### Directions for this task:
Only one stretch of the data below is wanted: the lines from the one with "ESTATE .97CT DIAMOND" through the one with "#SkillDevelopment #NAPSIndia #EarnWhileYouLearn", repeated exactly.

### Input data:
--- START ---
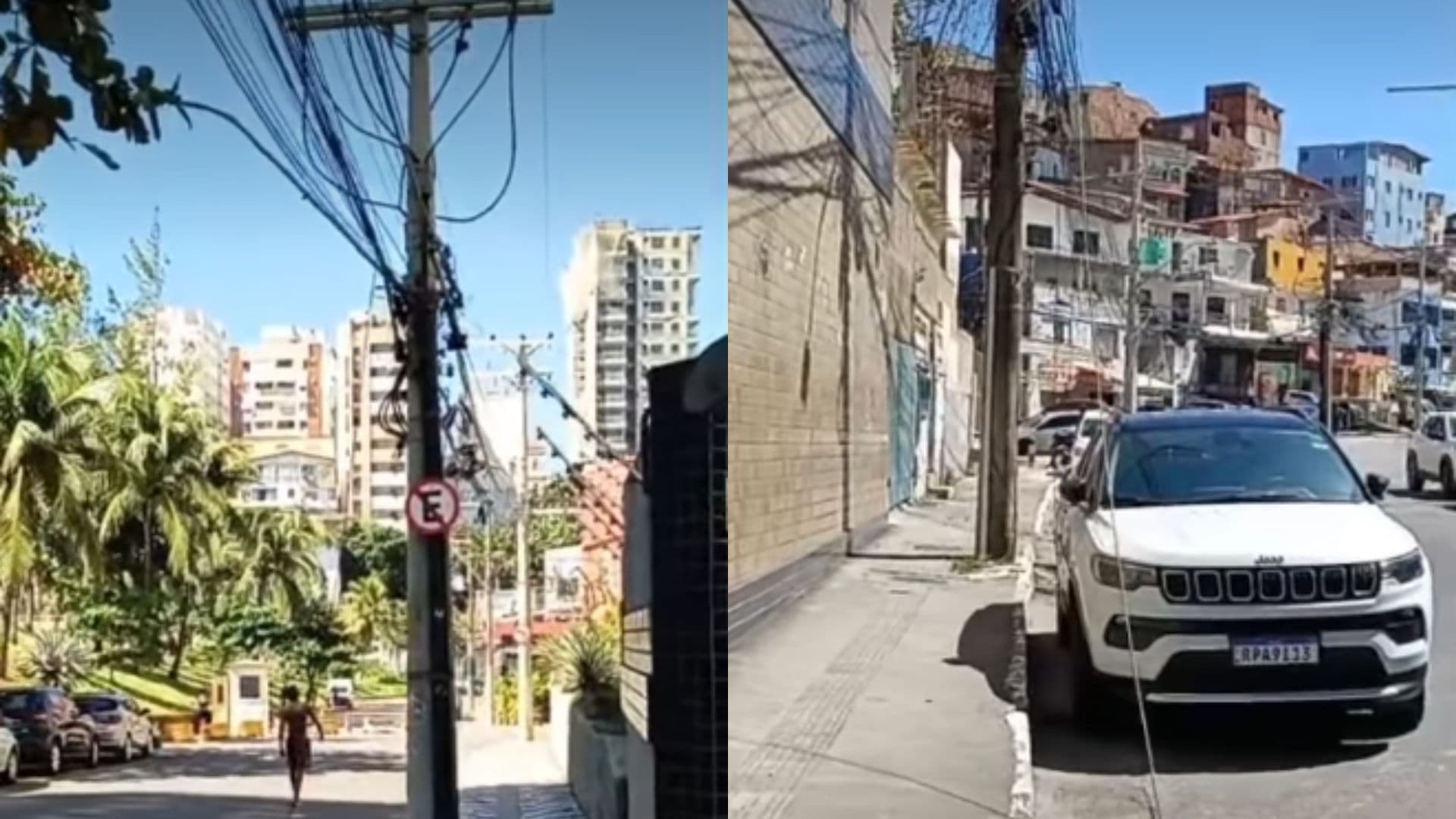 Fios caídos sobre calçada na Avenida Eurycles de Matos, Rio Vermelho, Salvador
--- END ---
--- START ---
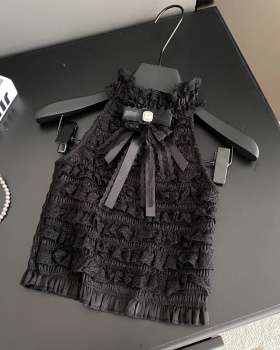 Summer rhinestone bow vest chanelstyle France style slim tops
--- END ---
--- START ---
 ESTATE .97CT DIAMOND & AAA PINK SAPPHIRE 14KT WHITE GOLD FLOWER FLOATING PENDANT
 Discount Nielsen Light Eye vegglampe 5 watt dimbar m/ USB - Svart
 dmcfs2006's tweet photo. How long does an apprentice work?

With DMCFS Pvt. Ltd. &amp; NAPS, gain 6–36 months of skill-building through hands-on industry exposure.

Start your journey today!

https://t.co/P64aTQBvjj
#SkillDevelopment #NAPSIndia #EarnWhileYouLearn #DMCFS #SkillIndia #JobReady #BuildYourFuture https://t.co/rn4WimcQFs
--- END ---
### Expected answer:
 ESTATE .97CT DIAMOND & AAA PINK SAPPHIRE 14KT WHITE GOLD FLOWER FLOATING PENDANT
 Discount Nielsen Light Eye vegglampe 5 watt dimbar m/ USB - Svart
 dmcfs2006's tweet photo. How long does an apprentice work?

With DMCFS Pvt. Ltd. &amp; NAPS, gain 6–36 months of skill-building through hands-on industry exposure.

Start your journey today!

https://t.co/P64aTQBvjj
#SkillDevelopment #NAPSIndia #EarnWhileYouLearn #DMCFS #SkillIndia #JobReady #BuildYourFuture https://t.co/rn4WimcQFs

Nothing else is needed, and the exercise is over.